• DATA FOR THIS TASK
=== Begin Enclosure ===

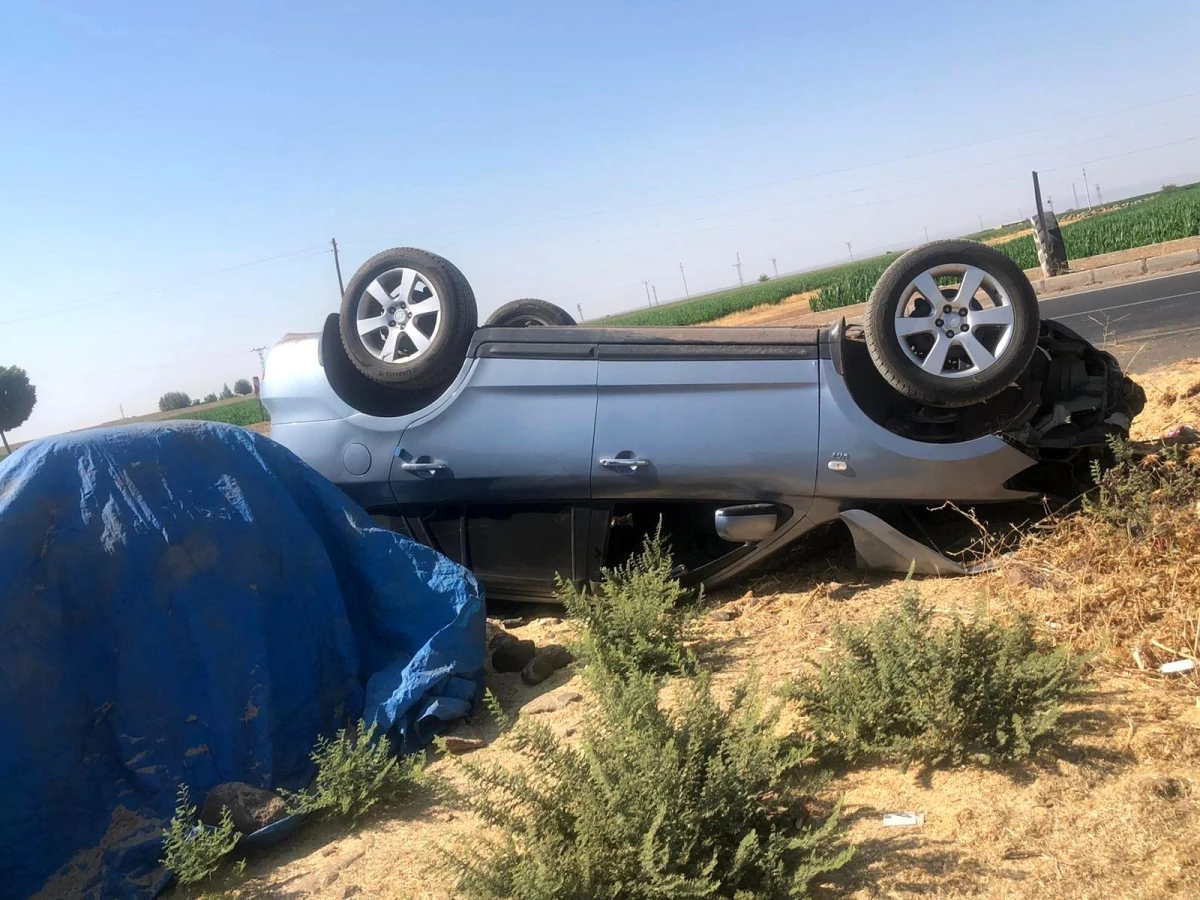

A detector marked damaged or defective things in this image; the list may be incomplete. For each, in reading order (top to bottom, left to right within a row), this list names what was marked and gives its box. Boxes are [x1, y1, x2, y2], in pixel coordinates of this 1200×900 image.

exposed wheel [338, 248, 478, 388]
exposed wheel [488, 298, 580, 326]
exposed wheel [864, 239, 1040, 408]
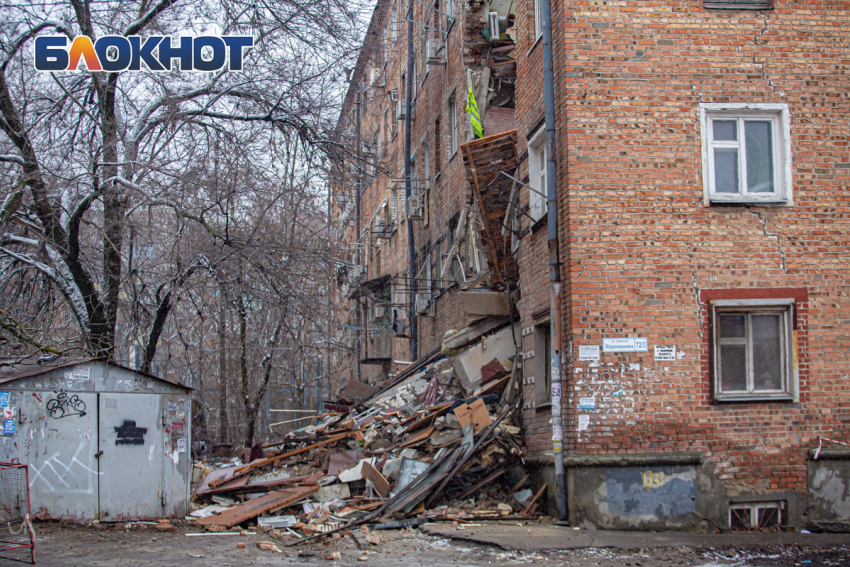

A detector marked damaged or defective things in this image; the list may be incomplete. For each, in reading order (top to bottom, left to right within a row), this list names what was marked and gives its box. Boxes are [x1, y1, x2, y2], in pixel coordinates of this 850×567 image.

=== End Enclosure ===

• WORK INSTRUCTIONS
Leave every image out, and retype the material exactly.

• ANSWER SECTION
A detector marked damaged or defective things in this image; the list may be incomplete. For each, in reading order (top to bottom, left to right within a row), this list names what was marked and gives its box. Boxes are [x1, y1, x2, y2], in pixel coordinates of this 1200×900 image.

exposed wheel [338, 248, 478, 388]
exposed wheel [488, 298, 580, 326]
exposed wheel [864, 239, 1040, 408]

A detector marked damaged or defective things in this image; the list may be incomplete. For each, in reading order (top to bottom, left to right within a row), this list names what was marked and gives its box. Boxes are [x1, y1, x2, y2], in pixel coordinates of this 850×567 image.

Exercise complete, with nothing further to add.